What you need to do. Repeat exactly the lines that run from the one containing "16430 NE 30th, North Miami Beach FL 33160" to the end of the data, and leave out all others.

Data records.
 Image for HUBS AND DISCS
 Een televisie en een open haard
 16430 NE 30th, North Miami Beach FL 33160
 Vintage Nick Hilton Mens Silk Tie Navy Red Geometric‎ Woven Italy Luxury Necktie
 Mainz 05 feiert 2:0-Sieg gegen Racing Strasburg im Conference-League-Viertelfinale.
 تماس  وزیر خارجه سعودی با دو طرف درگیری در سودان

Response for this exercise.
 16430 NE 30th, North Miami Beach FL 33160
 Vintage Nick Hilton Mens Silk Tie Navy Red Geometric‎ Woven Italy Luxury Necktie
 Mainz 05 feiert 2:0-Sieg gegen Racing Strasburg im Conference-League-Viertelfinale.
 تماس  وزیر خارجه سعودی با دو طرف درگیری در سودان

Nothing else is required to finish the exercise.